# Skull #2 for this year



## eVilcreations (Oct 10, 2010)

Well after #1 turned out so good, I had 1 more to do.....

I did alot more "skin" on the face of this one, and decided on 2 eyes....but used the backs instead of the front for a white out eyes look.

on the skull itself I used a cotton/latex combo this time instead of just latex....

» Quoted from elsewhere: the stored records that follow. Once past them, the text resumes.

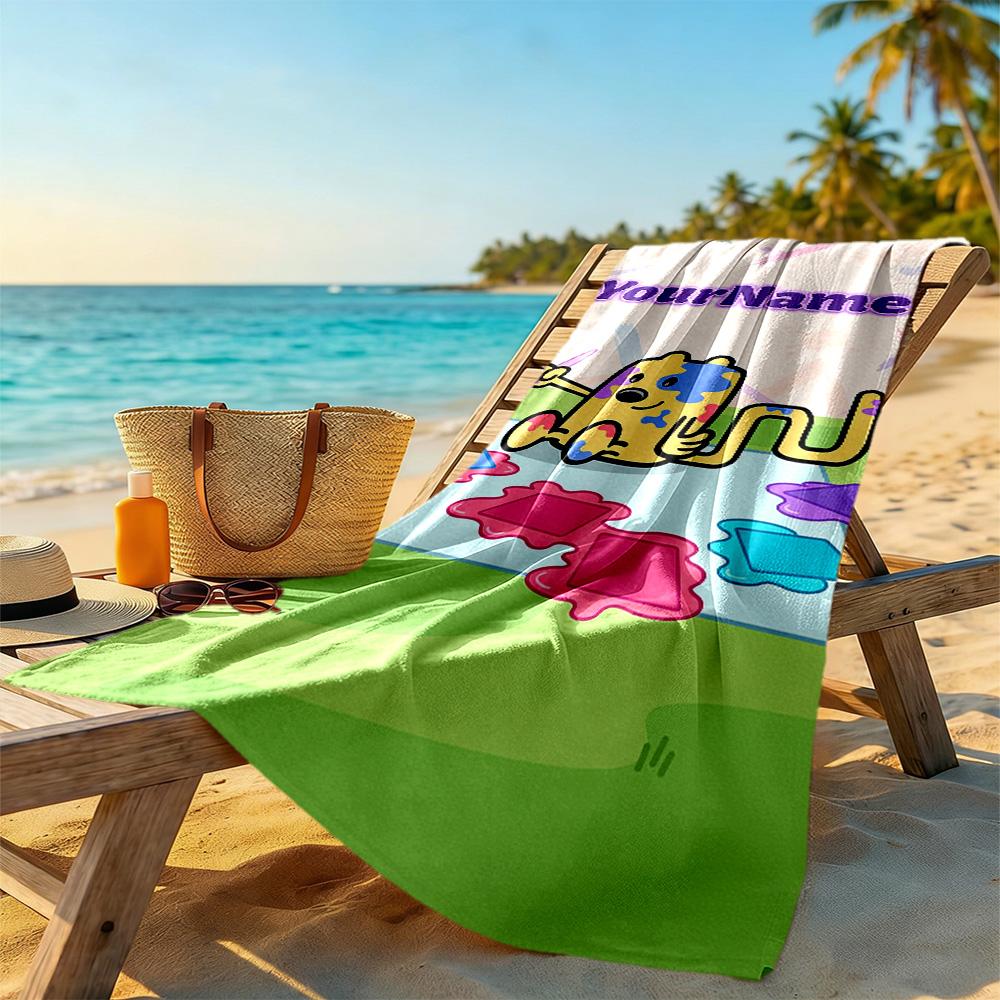 Wow! Wow! Wubbzy Customizable Name Beach Towel Quick-Dry Soft Microfiber Ideal for Travel Outdoor Swim Pool Yoga Surf Camping Hiking Gym Gift Holiday
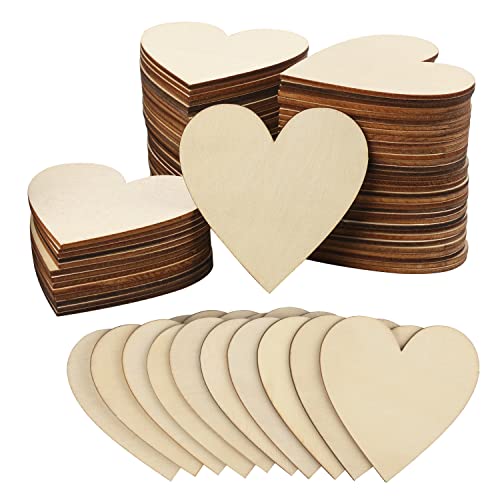 Wood Heart Cutouts, 200 PCS 3.15 Inch Unfinished Wooden Hearts for Guest Book for DIY Crafts, Wedding Decor, and Valentine's Day Ornaments, by GNIEMCKIN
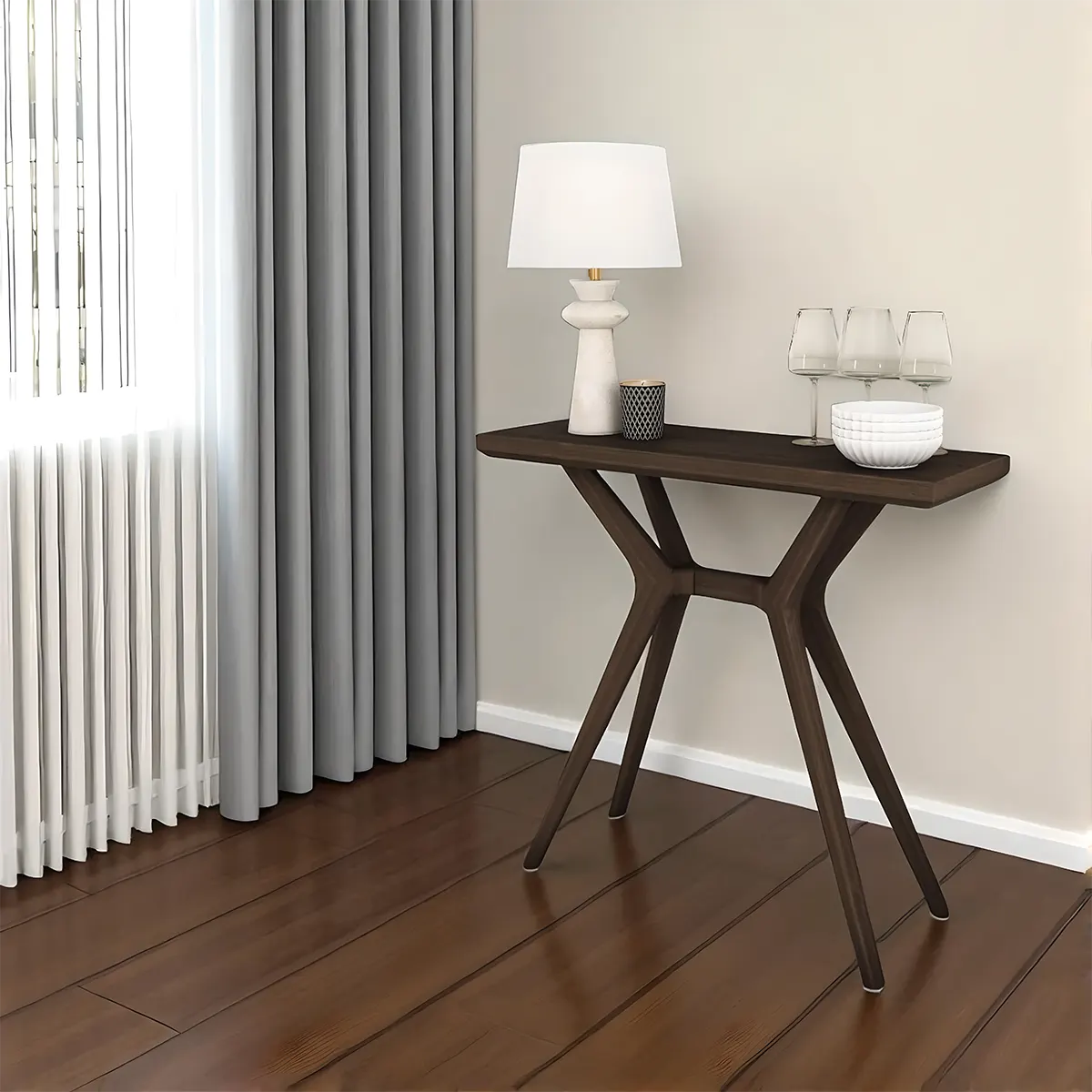 Walnut Console Table – Modern Style, Y-Shaped Legs 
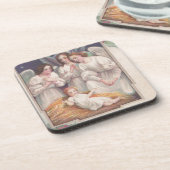 Vintage Kerstmis Angels Bier Onderzetter (Linkerzijde)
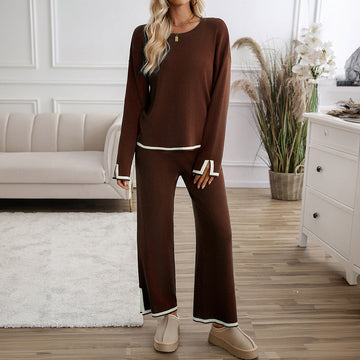 Women’s Two-Piece Lounge Set – Knitted Sweater and Wide-Leg Pants – Relaxed Fit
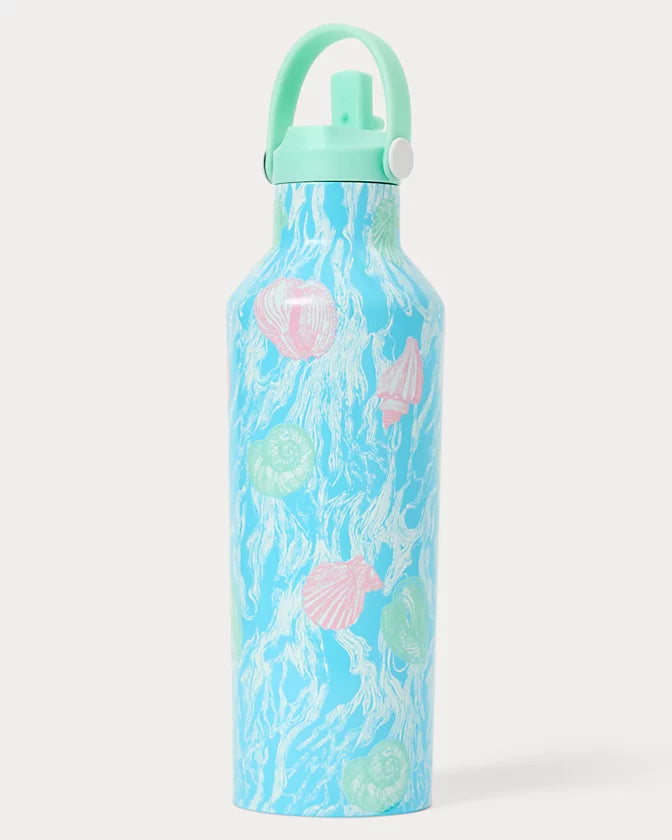 Lilly Pulitzer Water bottle with shell design Capri Blue Shelden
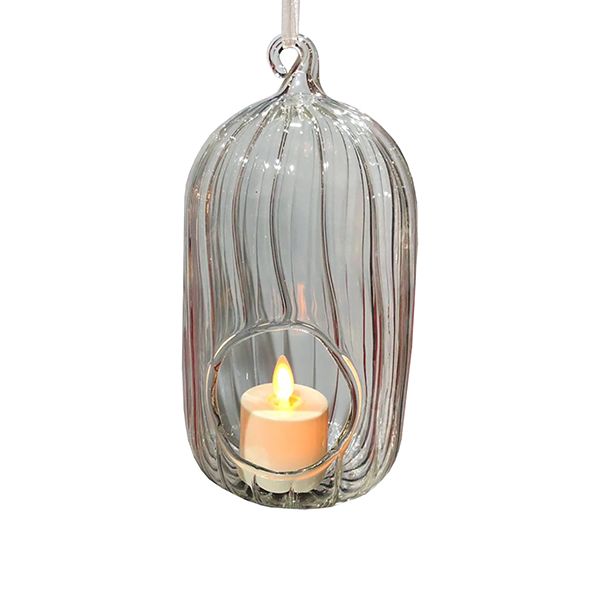 culinary concepts Large Fluted Dome Glass Tea Light Hanging Decoration
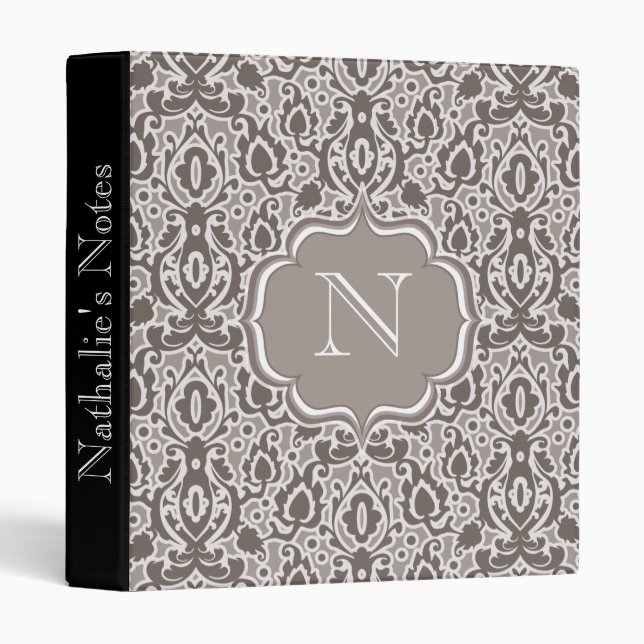 Classeur Elégant Sepia et blanc Monogram Casbah Damask (Devant/Côté)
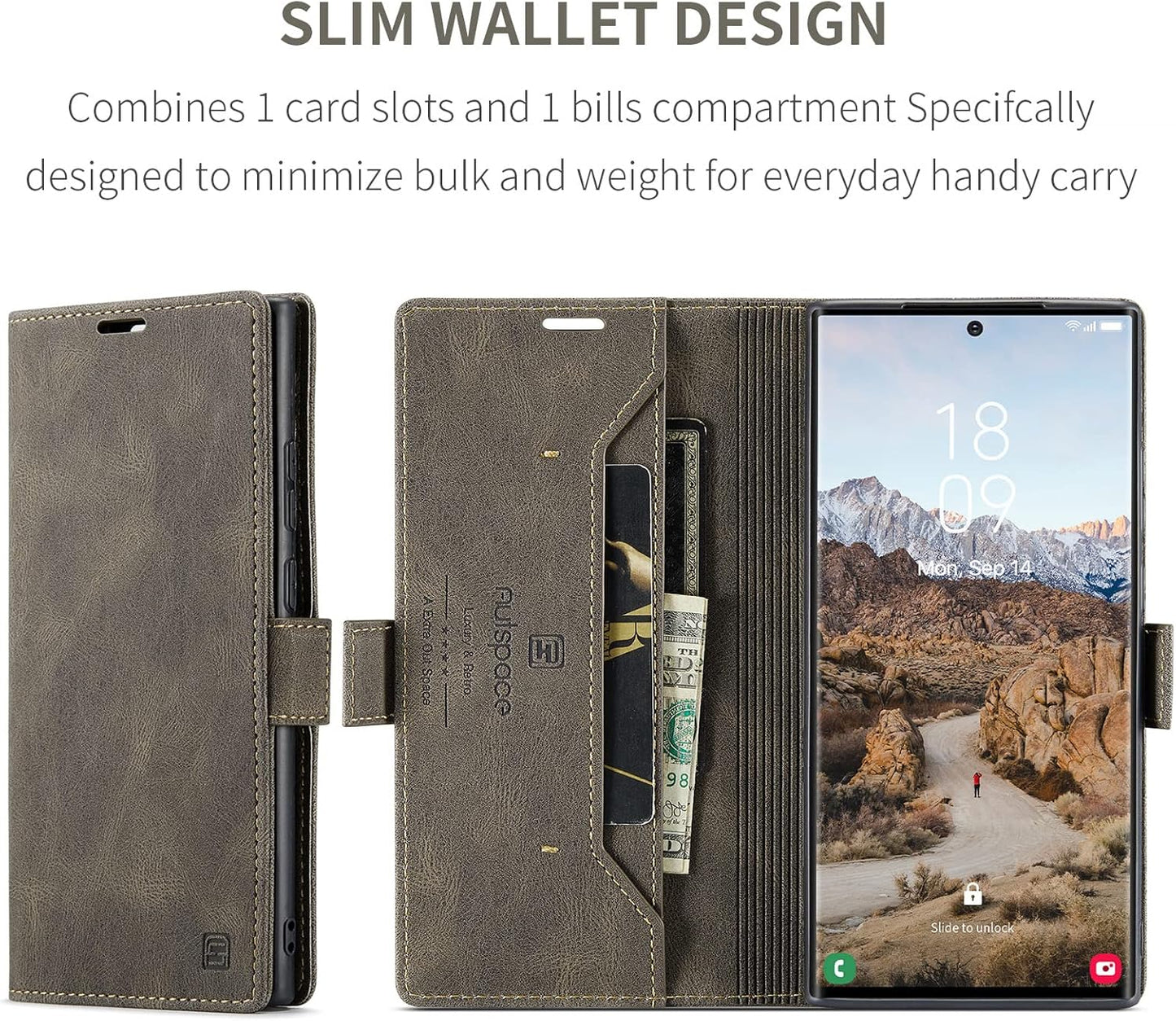 iTape Retro frosted soft leather mobile phone case for Samsung Galaxy S24 Ultra, RFID (anti-theft swipe), wallet card slot flip cover stand, Black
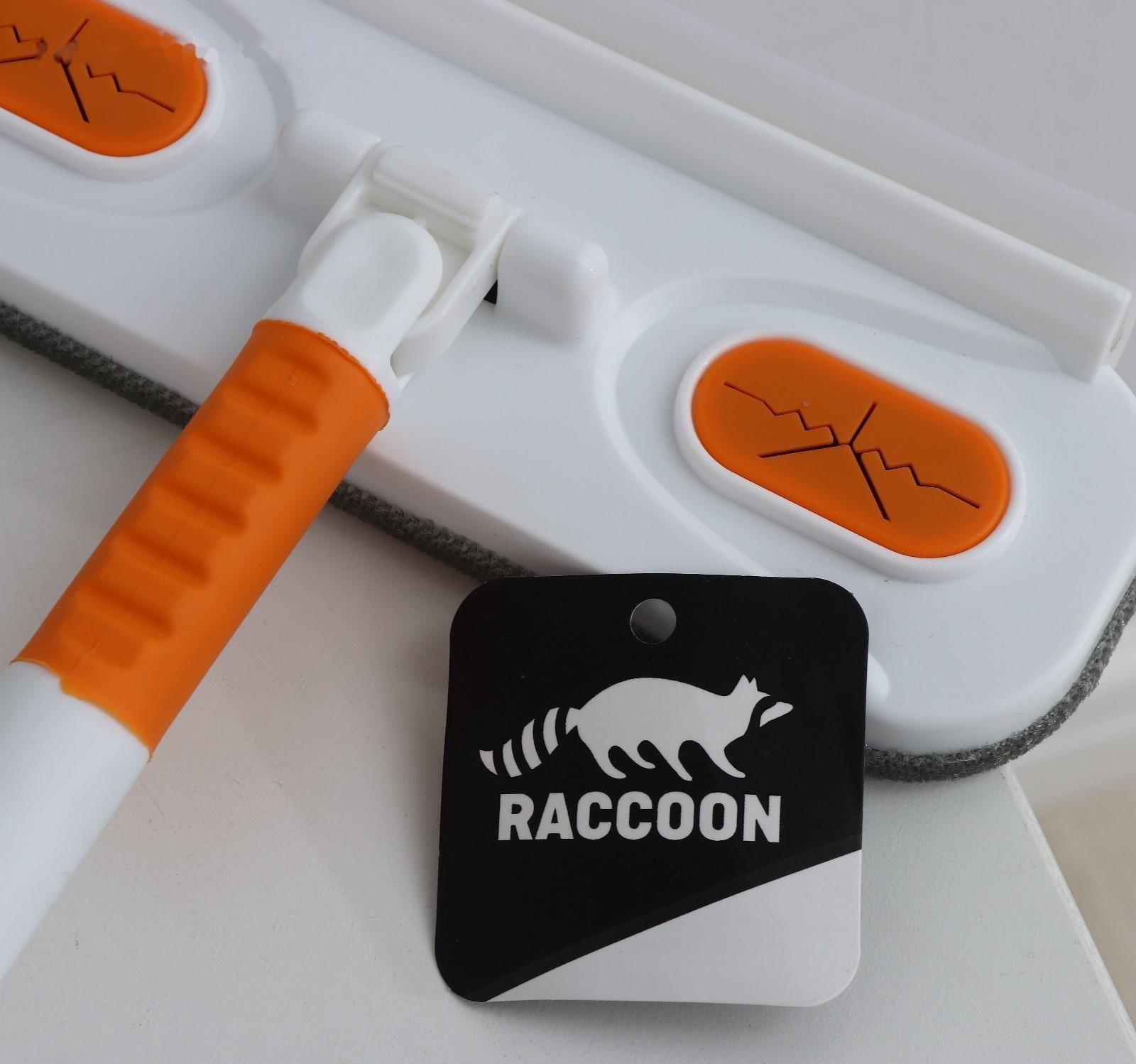 Окномойка с велюровой насадкой Raccoon, телескопический нержавеющий черенок, силиконовый сгон, 22×7×77(123) см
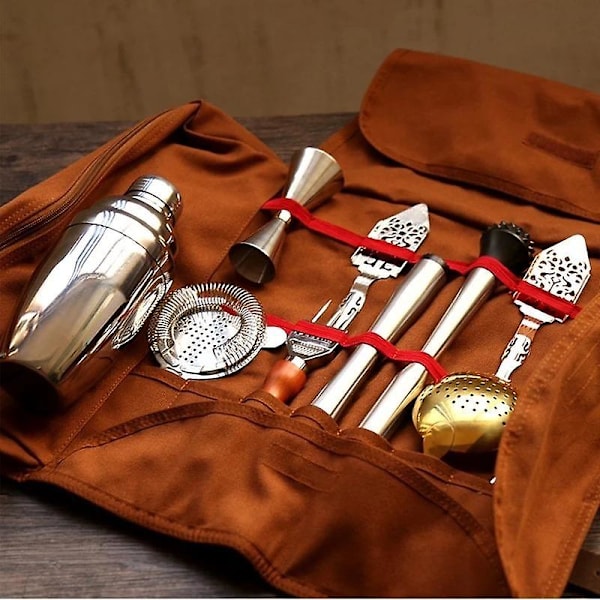 Bar Bartender Bärväska Kreativ Bartender Canvas Toolkit Pack Barverktyg Cocktail Shaker Set Förvaringsväska Endast Brown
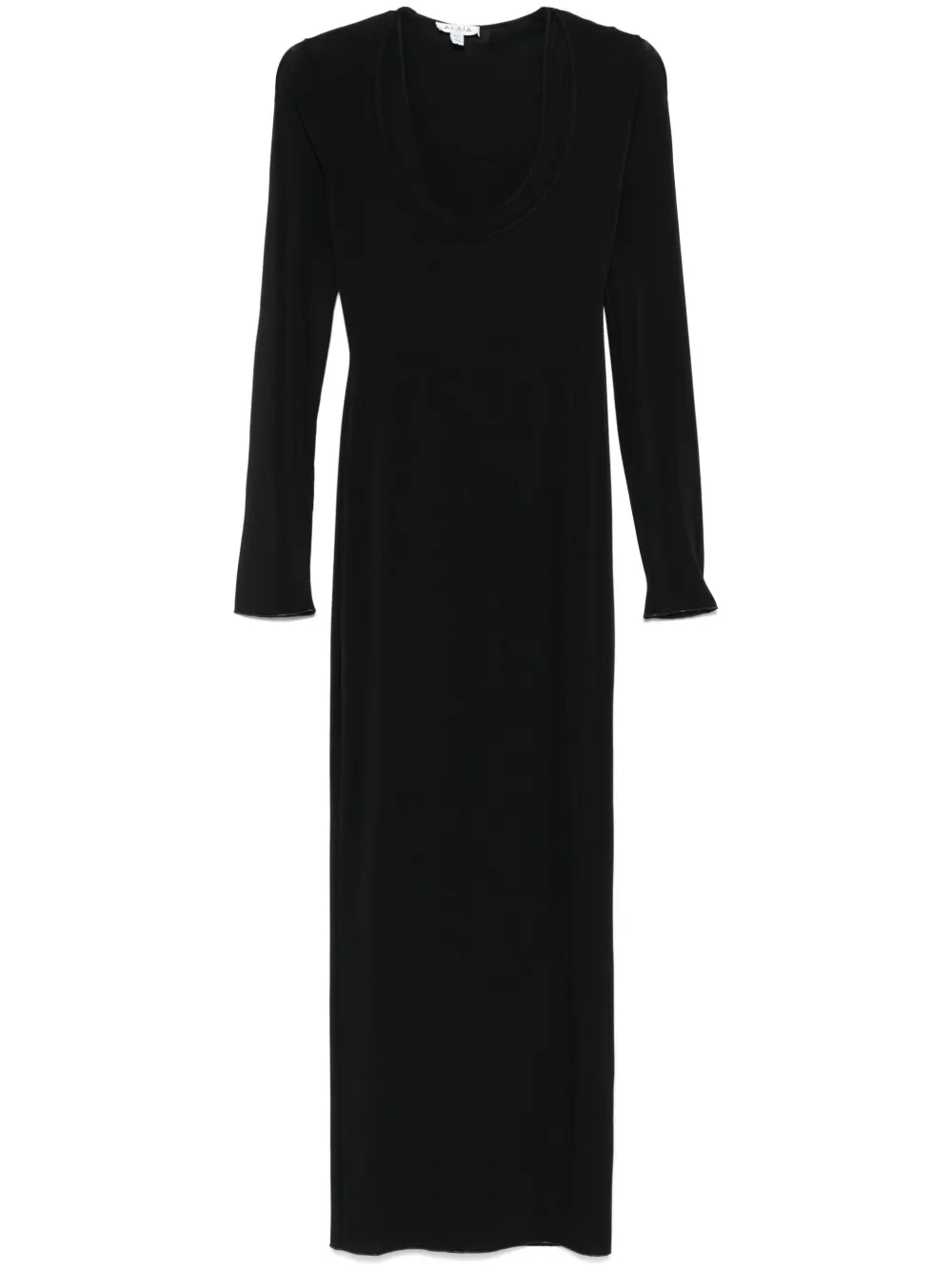 Alaïa vestido midi ajustado a capas | negro | Image 1
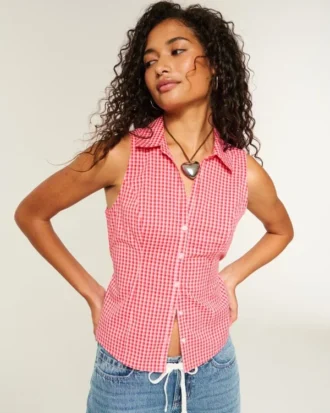 Camisa sin mangas con botones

The mouth was the last thing to do and I couldn't quite decide where I wanted to go with this one......my wife said he looked like a zombie, so I decided to go on the flesh eating bloody mouth idea...

What do you guys think?


































And the mouth detail:


----------



## Headless (Sep 4, 2011)

Awesome job.


----------



## Rahnefan (May 1, 2009)

Severely like this.


----------



## MapThePlanet (Nov 12, 2010)

Fantastic!


----------



## Dixie (Feb 18, 2009)

Wowza, that is amazing!


----------



## HalloweenZombie (Jul 22, 2007)

Creep city! Very disgusting...and that's a compliment on this forum.


----------



## RoxyBlue (Oct 6, 2008)

Coloring is great, and I like the holes in the skin in the jaw/cheek area.


----------



## Bascombe (May 18, 2010)

Excellent


----------



## Wildcat (Nov 3, 2007)

Wow. It looks awesome.


----------



## eVilcreations (Oct 10, 2010)

THANKS GUYS!!!! 

People keep telling me I need to start making/selling these...lol

to me that is the ultimate compliment. Thank you all so much for the positive feedback on my work.

Josh


----------



## Dark Angel 27 (Sep 11, 2008)

ewww! that's really disgusting! (yeah, thats a compliment too!)


----------



## Dixie (Feb 18, 2009)

Just had to come back here and comment again... after looking at it a few times, I think what I like most about it is the eyes, not necessarily the white out, but the shape, and the character it brings - yep, really like the eyes.


----------



## cerinad (Jun 23, 2008)

Wow! Outstanding!!!!


----------



## Pumpkin5 (Aug 8, 2010)

:jol: He is GRUESOME!!! (and I mean that in the best possible way) I love the white out eyes! I can just imagine him crawling out of grave, hanging from a tree...chasing TOT's......


----------



## eVilcreations (Oct 10, 2010)

wow, I have never had anyone come back to a thread and comment TWICE on how much they like one of my items....

THANK YOU SOOOO MUCH everyone!!!


----------



## Monk (Aug 26, 2008)

Wow! This guy looks great!


----------



## scareme (Aug 29, 2006)

The skull is awsome. Good choice on the mouth. See, you should always listen to your wife.


----------



## Spooky1 (Aug 25, 2008)

Great looking skull, nice job.


----------



## pagan (Sep 9, 2009)

Strong work! The whole face just works, from the shape of the eyes to the ragged gaping maw.. Great job!


----------



## lollypopholly (Oct 12, 2011)

he has been screaming for a long time


----------



## eVilcreations (Oct 10, 2010)

lollypopholly said:


> he has been screaming for a long time


hahahaha, that he has...


----------



## fick209 (Aug 31, 2009)

That is just creepy, and I love it. Excellent work.


----------